We ran AgentPex's full seven-evaluator pipeline (gpt-5-mini at temperature 1.0, paper config) on the same 22 simulations Pisama's spec_compliance evaluated, then joined per-trace flags. AgentPex treats aggregate_absolute_score < 100 as flagged; Pisama treats spec_compliance detected=true as flagged.

CellCountRate
Both flag2195.5%
Both clear00.0%
Pisama only00.0%
AgentPex only14.5%

21 of 22 sims (95.5%) get the same flag decision from both systems. The single disagreement (sim 287b28f7 airline) is a Pisama spec_compliance false negative: AgentPex's output_spec_eval scored 25 / 100 driven by simultaneous text-and-tool-call violations (3 instances) that the LLM-judge spec_compliance missed. Pisama's deterministic simultaneous_call_text detector independently flagged the same trace with 3 instances, so on Pisama's combined free + LLM panel the agreement is 22 of 22 (100%).
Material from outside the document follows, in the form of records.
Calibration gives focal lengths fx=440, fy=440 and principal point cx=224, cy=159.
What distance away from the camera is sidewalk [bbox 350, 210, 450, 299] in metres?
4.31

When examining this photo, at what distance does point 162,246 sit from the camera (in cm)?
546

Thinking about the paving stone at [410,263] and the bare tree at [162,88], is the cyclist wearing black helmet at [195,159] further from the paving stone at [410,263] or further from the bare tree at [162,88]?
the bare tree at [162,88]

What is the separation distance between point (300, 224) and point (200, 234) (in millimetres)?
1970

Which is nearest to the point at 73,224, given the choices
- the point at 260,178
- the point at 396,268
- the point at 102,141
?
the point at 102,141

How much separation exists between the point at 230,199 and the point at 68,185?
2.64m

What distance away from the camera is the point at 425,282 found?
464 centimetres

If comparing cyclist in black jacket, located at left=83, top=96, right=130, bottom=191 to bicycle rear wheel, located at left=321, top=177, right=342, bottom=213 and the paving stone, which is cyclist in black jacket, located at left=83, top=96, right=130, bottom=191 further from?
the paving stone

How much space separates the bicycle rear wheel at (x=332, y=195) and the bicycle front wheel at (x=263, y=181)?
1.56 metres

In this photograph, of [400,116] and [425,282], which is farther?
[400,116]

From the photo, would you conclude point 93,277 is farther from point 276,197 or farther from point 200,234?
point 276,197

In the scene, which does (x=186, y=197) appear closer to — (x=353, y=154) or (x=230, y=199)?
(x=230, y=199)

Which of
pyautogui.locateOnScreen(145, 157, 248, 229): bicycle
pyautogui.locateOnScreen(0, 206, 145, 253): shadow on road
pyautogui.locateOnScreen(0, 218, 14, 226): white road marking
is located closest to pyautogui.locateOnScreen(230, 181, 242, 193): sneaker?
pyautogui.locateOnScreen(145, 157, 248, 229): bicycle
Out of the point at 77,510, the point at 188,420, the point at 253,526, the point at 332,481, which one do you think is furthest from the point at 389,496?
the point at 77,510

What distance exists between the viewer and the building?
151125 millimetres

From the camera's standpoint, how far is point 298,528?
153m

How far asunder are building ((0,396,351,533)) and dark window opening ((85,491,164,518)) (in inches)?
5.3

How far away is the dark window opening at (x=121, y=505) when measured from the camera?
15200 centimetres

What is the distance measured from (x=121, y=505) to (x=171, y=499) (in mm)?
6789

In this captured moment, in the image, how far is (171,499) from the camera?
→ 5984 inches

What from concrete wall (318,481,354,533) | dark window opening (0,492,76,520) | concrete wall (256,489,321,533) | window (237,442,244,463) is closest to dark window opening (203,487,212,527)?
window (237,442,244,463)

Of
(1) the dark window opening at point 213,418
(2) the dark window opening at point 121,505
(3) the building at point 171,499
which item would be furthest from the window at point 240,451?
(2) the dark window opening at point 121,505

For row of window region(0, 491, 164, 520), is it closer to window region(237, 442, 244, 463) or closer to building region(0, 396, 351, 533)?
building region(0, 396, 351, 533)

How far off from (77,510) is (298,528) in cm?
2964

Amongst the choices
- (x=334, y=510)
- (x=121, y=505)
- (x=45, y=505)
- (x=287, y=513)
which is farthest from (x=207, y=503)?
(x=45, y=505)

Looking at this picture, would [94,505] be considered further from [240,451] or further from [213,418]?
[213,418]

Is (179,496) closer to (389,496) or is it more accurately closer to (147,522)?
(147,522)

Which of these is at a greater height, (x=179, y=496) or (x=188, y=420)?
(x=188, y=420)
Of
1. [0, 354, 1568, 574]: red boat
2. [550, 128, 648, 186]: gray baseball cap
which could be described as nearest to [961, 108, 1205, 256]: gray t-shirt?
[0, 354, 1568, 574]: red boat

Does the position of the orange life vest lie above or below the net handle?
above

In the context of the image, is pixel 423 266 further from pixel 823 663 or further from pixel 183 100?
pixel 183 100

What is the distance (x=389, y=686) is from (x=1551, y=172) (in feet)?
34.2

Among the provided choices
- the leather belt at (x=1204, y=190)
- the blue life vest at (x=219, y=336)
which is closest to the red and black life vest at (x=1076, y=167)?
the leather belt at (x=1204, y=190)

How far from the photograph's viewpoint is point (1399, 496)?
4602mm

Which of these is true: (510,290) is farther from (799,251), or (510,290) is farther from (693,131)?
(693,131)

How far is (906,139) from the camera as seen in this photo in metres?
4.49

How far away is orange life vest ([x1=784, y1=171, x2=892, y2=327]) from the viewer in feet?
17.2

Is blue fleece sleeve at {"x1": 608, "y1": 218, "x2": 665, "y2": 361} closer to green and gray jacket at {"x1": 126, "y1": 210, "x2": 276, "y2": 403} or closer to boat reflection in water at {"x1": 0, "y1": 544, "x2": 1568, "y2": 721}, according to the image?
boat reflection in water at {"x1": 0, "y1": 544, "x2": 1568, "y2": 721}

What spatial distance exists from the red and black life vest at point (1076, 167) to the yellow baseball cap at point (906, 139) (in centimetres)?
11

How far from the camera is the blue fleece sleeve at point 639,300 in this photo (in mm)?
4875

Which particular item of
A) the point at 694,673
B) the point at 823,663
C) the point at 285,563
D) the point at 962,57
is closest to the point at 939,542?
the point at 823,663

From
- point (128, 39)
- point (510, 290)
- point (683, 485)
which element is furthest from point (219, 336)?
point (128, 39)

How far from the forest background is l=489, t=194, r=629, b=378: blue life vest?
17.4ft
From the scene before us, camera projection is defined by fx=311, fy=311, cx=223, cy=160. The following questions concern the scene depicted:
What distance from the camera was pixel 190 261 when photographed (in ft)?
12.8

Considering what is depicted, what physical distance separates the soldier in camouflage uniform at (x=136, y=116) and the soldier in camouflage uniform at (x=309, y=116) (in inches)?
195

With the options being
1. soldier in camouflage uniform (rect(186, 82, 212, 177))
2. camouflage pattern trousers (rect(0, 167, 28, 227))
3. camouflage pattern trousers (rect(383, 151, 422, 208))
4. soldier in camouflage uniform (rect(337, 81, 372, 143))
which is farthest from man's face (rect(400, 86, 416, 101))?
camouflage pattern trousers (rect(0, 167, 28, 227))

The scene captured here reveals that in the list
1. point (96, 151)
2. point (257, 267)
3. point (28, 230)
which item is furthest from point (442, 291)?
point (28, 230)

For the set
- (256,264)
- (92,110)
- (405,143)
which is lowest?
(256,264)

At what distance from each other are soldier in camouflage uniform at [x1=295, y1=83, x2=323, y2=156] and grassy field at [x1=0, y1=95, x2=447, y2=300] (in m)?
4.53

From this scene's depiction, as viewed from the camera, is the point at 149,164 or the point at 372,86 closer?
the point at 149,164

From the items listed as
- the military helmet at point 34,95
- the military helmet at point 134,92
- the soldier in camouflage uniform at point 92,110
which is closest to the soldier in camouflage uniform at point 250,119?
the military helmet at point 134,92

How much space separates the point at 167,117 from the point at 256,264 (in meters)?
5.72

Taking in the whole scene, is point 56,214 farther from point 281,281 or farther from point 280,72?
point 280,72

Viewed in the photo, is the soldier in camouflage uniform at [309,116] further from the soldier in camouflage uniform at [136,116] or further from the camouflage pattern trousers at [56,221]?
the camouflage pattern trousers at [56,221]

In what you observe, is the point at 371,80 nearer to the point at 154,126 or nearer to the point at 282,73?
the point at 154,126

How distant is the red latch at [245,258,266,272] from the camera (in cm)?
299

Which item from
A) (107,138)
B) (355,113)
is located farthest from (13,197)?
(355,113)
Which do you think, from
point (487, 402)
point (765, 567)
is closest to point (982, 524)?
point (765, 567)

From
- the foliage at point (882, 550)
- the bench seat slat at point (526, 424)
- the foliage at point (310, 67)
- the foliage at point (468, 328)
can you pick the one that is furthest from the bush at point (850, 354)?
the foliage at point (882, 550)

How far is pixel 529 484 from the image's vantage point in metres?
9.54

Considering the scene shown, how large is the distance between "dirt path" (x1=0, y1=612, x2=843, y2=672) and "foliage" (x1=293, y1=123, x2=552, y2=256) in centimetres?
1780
No sim is missed by both systems. Either the LLM-as-judge layer fires (most cases) or the deterministic structural check fires (the 1 disagreement). This is direct empirical support for running both layers rather than picking one.

Cost and runtime

AgentPex reports ~9 API calls, ~77k tokens, and ~139 seconds per trace at roughly $0.019 per trace. Pisama's six free detectors run with zero LLM cost across the full 450-trace corpus. Pisama's LLM detector (specification_compliance) costs ~$0.07 per trace at ~25 seconds. The two pipelines target different points on the cost / depth curve; running both is additive, not exclusive.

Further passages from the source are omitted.